The Demand for Coal in Asia
While the use of coal as an energy source may be on the decline in the United States, Canada, and other parts of the Western World, it’s growing like gangbusters in Asia.
If you aren’t careful, geographically-biased news will blind you to one of the biggest developments underway in the energy sector, because news coverage in the Americas and Europe virtually ignore what’s happening in the rest of the world with regards to energy production and use. In Western news, shale, wind, and solar get all the attention from the press. Meanwhile, the media ignores what is really happening in the global market right now.
Coal is becoming a relic of the past in the developed world — that much we all know. Solar and wind power are rapidly growing, and we shouldn’t ignore their potential.

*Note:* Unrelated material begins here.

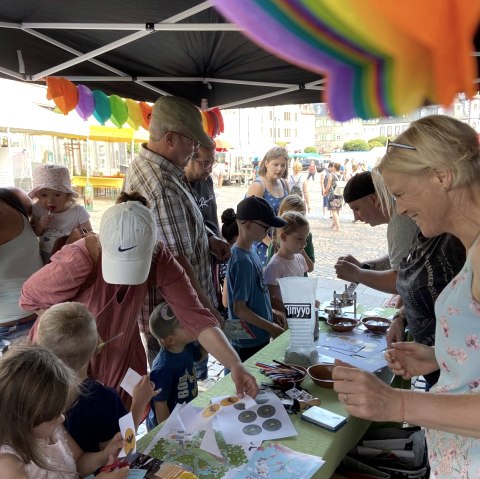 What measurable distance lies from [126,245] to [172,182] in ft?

Think of it this way: The countries that are leading natural gas and renewable energy production pretty much have 100-percent market saturation for electricity. You just can’t find many buildings in the U.S., Canada, or Western Europe without electricity. Meanwhile, there are 1.3 billion people in other parts of the world who don’t have electricity in their homes. And still more billions of people are rapidly consuming more and more power, driving up per capita energy use. This is especially true in Asia, where China and India need to ramp up power generation as quickly as possible to prevent widespread blackouts that will hinder economic growth.

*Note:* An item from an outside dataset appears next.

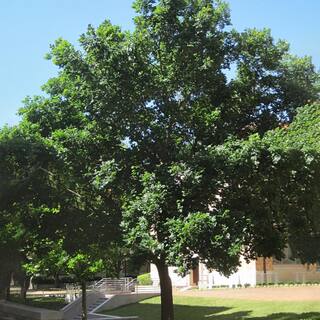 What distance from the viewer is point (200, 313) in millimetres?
26812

According to the Energy Information Administration, the U.S. is going to see domestic coal consumption drop about 14 percent by 2017 as government intervention makes coal power prohibitively expensive compared to natural gas.
On the other side of the Pacific, however, China is going to build 160 new coal-fired power plants, and India will build 46 within the next four years.
The developing world is going to drive growth that will catapult coal to the number one world fuel source within seven years, surpassing oil for the first time since the 1960s. Ninety percent of the worldwide increase in coal demand will come from China and India, and 77 percent will be from China alone.
China is the world’s largest producer of coal. It mined 46 percent of the world’s coal last year. At the same time, China imported about 223 million tonnes of coal — which represents 20 percent of the coal it burned and a 78 percent year-over-year increase. By 2016, Chinese imports are projected to reach as high as 450 million tonnes, averaging out to 50 percent year-to-year growth in a very short time frame.
A lot of the coal needed to feed Chinese and Indian demand will come from Australia and Mongolia. However, U.S. and Canadian coal exports will be competing for sales.
In particular, coal mining operations on the western side of the North America, especially from British Columbia and Wyoming, will be shipping more and more coal overseas.